Дружба была потребностью Шувалова. В 1763 году, оказавшись за границей, он писал сестре: «Если Бог изволит, буду жив и, возвратясь в мое отечество, ни о чем ином помышлять не буду, как весть тихую и беспечную жизнь; удалюсь от большого света, который довольно знаю; конечно, не в нем совершенное благополучие почитать надобно, но, собственно, все б и в малом числе людей, родством или дружбою со мной соединенных. Прошу Бога только о том, верьте, что ни чести, ни богатства веселить меня не могут». Несомненно, Шуваловым владели популярные тогда идеи так называемого философского поведения, предполагавшего жизнь в некой бочке Диогена, построенной, однако, в виде комфортабельного эрмитажа или вольтеровского Фернея — искусственно созданного уединенного уголка. Здесь можно было бы вместе с единомышленниками, такими же умными, образованными, несуетными друзьями, предаваться высоким идеям, интеллектуальным наслаждениям, заниматься самосовершенствованием. Но кроме моды здесь было и извечное стремление человека выскочить из беличьего колеса суетной, быстротекущей жизни, исчезнуть в живописном имении или уютной гостиной. Можно верить Шувалову, что пустая светская жизнь ему приелась, придворные интриги и ложь на дипломатических переговорах утомляли его, довольно уже вкусившего власти. Шувалов действительно стремился к другой жизни, в мир гармонии и тишины, спокойного чтения, нелицемерных бесед с друзьями о прекрасном.
Как и у большинства людей, эта мечта осталась бы мечтой, если бы в Рождество 1761 года вся жизнь Шувалова круто и безвозвратно не переменилась — со смертью Елизаветы он потерял власть, утратил влияние, но обрел такие желанные покой и волю. Произошло это не сразу. Еще до смерти императрицы он пытался сблизиться с «молодым двором», но, встретив непонимание у Петра Федоровича и Екатерины Алексеевны, интриговал и даже пытался изменить завещание в пользу семилетнего цесаревича Павла Петровича. В день смерти Елизаветы его видели с щекой, разодранной ногтями. По-видимому, Шувалов сильно переживал смерть императрицы и свое крушение. Иван Чернышев в начале 1762 года писал из-за границы: «Любезный и обожаемый друг! Я разделяю все ваши горести, клянусь вам, и очень сожалею, что в эту минуту я не в России. Я был бы с вами, может быть, и нашел бы средство развеселить вас. Пожалуйста, не предавайтесь горести. Знаете, что первый мой курьер, возвратясь ко мне, сказал мне, что вы очень постарели и что, глядя на вас, можно подумать, что вы пятью годами старше меня, это мало меня радует». Чернышев родился в 1728 году и был на год старше Шувалова, которому в год смерти государыни исполнилось тридцать четыре года. Тогда он не знал, что это еще не конец жизни, а ее зенит, и судьбою ему отпущено еще тридцать шесть лет.
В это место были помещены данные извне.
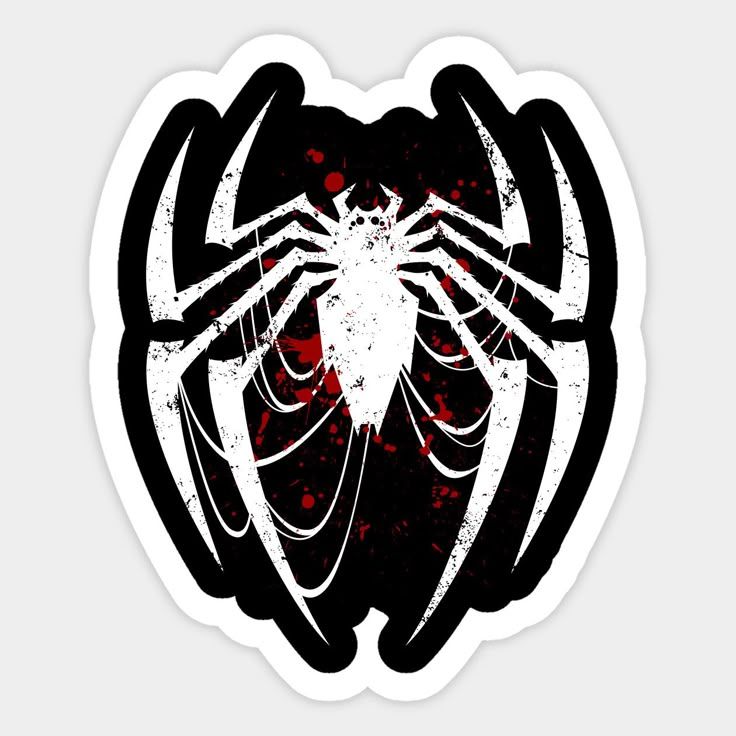 Bloody Spider Icon | Spider - Man | Sticker - VeloraSticks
Со смертью Елизаветы началась вторая половина жизни Шувалова. Ему можно позавидовать: он был знаком с гениями, гостил в Фернее у своего друга Вольтера, посещал салоны в Париже, пользуясь там всеобщим почетом и уважением и являя собой, как писали позже, «русского посла при европейской литературной державе». Он долго жил в благословенной Италии, коллекционируя шедевры живописи и скульптуры. Он познал власть, увидел еще при жизни свою славу. Необременительные обязанности попечителя Московского университета и камергера не мешали ему жить в свое удовольствие. Шувалов создал свой литературный салон. Это был первый литературный салон в России. «Светлая угловая комната… там налево в больших креслах у столика, окруженный лицами, сидел маститый, белый старик, сухощавый, средне-большого росту в светло-сером кафтане и белом камзоле… В разговорах и рассказах он имел речь светлую, быструю, без всяких приголосков. Русский язык его с красивою обделкою в тонкостях и тонах. Французский он употреблял где его вводили и когда, по предмету, хотел что сильнее выразить. Лицо его всегда было спокойно поднятое, обращение со всеми упредительное, веселовидное, добродушное». Таким увидел Шувалова на склоне лет мемуарист Тимковский. В тот день за обеденный стол Шувалова сели поэты Гаврила Державин, Иван Дмитриев, Дмитрий Хвостов, Осип Козодавлев, адмирал и филолог Александр Шишков, выдающийся педагог Федор Янкович, будущий директор Публичной библиотеки Александр Оленин. В салоне Шувалова бывали княгиня Дашкова, переводчик Гомера Ермил Костров, Ипполит Богданович, автор «Душеньки» — знаменитой при Екатерине II поэмы о русских Психее и Купидоне, и другие литераторы.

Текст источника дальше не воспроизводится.